Este último talvez não seja tão vital ou hilariante quanto os fãs de Woody Allen poderiam esperar, mas ainda assim atinge seus objetivos e as aspirações pessoais de seu diretor. É uma comédia singela que romantiza a era do jazz e lida com os elementos cômicos de um artista genuinamente excêntrico, cuja trajetória de vida é relatada de forma documental, através de fragmentos de alguns rumores e boatos sobre sua pessoa.
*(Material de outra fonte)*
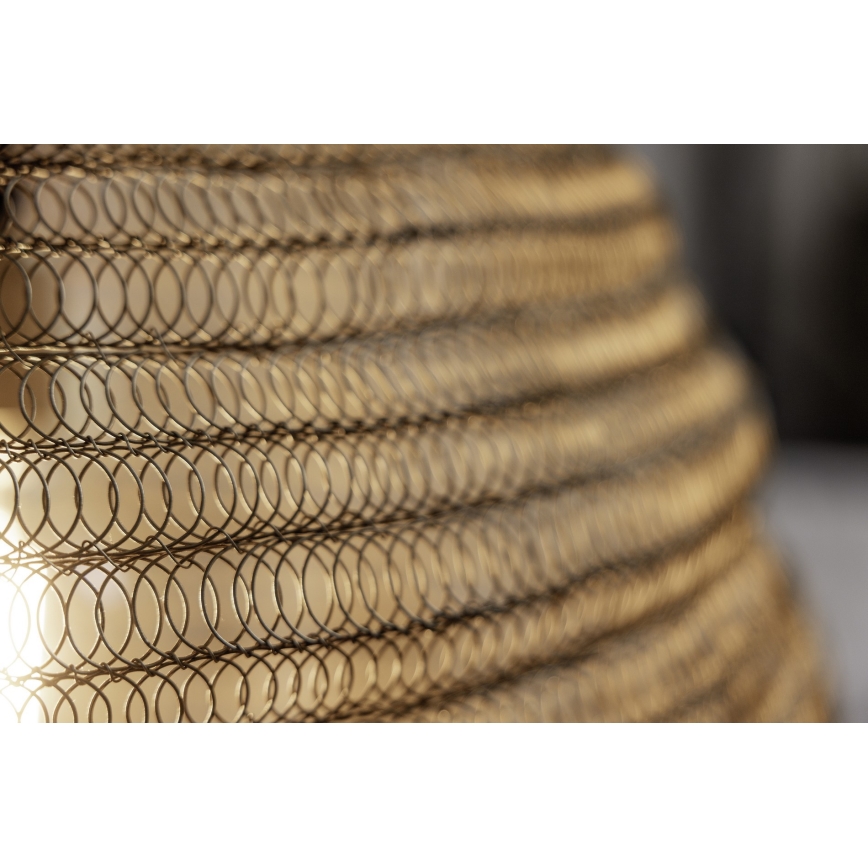 Markslöjd 108773 - Ljuskrona med textilsladd TAZZA 1xE27/40W/230V guld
Hollywood não pode deixar de reconhecer mais uma vez que Sean Penn (de "Os Últimos Passos de Um Homem", que lhe rendeu a primeira indicação ao Oscar) é um ator brilhante. Seu retrato do fictício guitarrista Emmet Ray é tanto cômico quanto emotivo. Ele soube muito bem captar o melhor e, principalmente, o pior de seu personagem: fumante, bêbado, farrista, mulherengo, gastador, egocêntrico. Resumindo, um imbecil com dedos mágicos. A interpretação de Penn, somada a um personagem bem desenvolvido, engana direitinho os espectadores menos atentos. Quem não leu a sinopse do filme antes de assisti-lo ou não entende nada de jazz vai sair do cinema achando que Emmet Ray realmente existiu.
Samantha Morton (de "Inocentes Pecadores" e "Jesus’ Son") faz um trabalho excelente como a muda Hattie. Seu rosto meigo e seu aspecto inocente fazem o espectador se apaixonar por ela desde o primeiro momento em que aparece na tela. Não há dúvidas de que Penn e Morton mereceram suas indicações ao Globo de Ouro e ao Oscar no ano passado - e não teria sido uma má escolha se eles tivessem sido premiados.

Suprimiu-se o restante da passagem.